Concrete flatwork is any poured surface that moves along a horizontal plane. Flatwork that Centerline Paving offers are patios, walkways, sidewalks, foundations, driveways and any other flat surface. Concrete is the choice material for flatwork due to how it can form a perfectly flat and even surface.
Regardless of the concrete mix design, or desired layout of the project, Centerline Paving has the resources and knowledge to execute any sized project. Furthermore, with a base/site grading crew, as well as a full excavation crew, Centerline Paving can handle all projects in house. This gives us an advantage as we can manage budgets and timelines of each project more accurately, as there is no scheduling conflicts or time delays with coordinating other contractors.
Centerline Paving offers a wide variety of concrete services and can meet any design specification or desired finish. Whether it’s a driveway, sidewalk, curb, floor or parking lot Centerline Paving has the resources to complete any project. A few different curb types we offer are as follows:
Concrete curbs are generally classified as barrier curbs or mountable curbs. Either type can be constructed in many different shapes, depending on regional preferences, purposes and construction costs. Barrier curbs, also known as straight curbs, resemble the stone slabs used originally for curbs and form abrupt obstacles to vehicles leaving pavements.
Mountable curbs, sometimes referred to as roll curbs, have sloping faces that allow vehicles to encroach on them without damaging tires and wheels; and if the slopes are gentle enough, cars can cross them to access driveways. Curbs that cannot be crossed without damage or discomfort must have sections where the heights of the curbs are reduced for vehicular entrances. The low portions are usually referred to as depressed curbs.
Either type of curb can have an apron or gutter section attached and become a combined curb and gutter. Combined curb and gutter sections are commonly used along streets and parking lots in urban areas, especially with asphalt pavements, to provide the advantages of stable concrete gutters with sustainable flow lines along the curbs.
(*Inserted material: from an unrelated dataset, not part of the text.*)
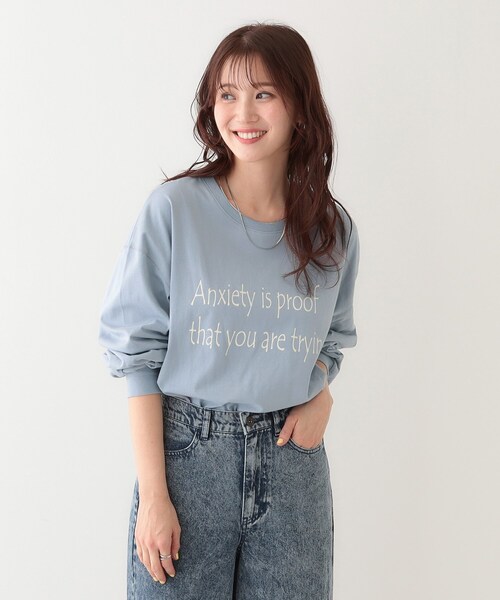 Cutie Blonde（キューティーブロンド）の「【洗える】1枚でもレイヤードでも 選べる5柄 BIGロンT（Tシャツ/カットソー・レディース・チャコールグレー/ホワイト系1/ホワイト系4/ブラック系4/ブルー系5/グレー系その他3・01/02/03/04）」の11枚目の写真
Curbs built monolithically with concrete pavements project above the pavement at the edges. These are referred to as monolithic curbs or integral curbs, as opposed to separate curbs. As the edges of concrete pavements with the added thickness of curbs are stronger and stiffer, deflections caused by heavy wheels close to the outside edges are reduced. Where curbs are cast on hardened concrete slabs, resulting in cold joints between the curbs and slabs, there are opportunities for planes of weakness and water penetration, which can result in shortened service life.